__THE TASK__
Repeat the data in full. Every line must match.

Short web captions
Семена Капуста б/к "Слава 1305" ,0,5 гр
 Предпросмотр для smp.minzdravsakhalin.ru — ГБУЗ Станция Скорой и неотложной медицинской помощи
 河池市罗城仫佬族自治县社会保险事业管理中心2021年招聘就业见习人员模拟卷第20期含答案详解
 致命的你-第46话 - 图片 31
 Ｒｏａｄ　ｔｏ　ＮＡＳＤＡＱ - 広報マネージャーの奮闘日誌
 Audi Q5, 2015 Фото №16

__ANSWER FOR THIS EXERCISE__
Семена Капуста б/к "Слава 1305" ,0,5 гр
 Предпросмотр для smp.minzdravsakhalin.ru — ГБУЗ Станция Скорой и неотложной медицинской помощи
 河池市罗城仫佬族自治县社会保险事业管理中心2021年招聘就业见习人员模拟卷第20期含答案详解
 致命的你-第46话 - 图片 31
 Ｒｏａｄ　ｔｏ　ＮＡＳＤＡＱ - 広報マネージャーの奮闘日誌
 Audi Q5, 2015 Фото №16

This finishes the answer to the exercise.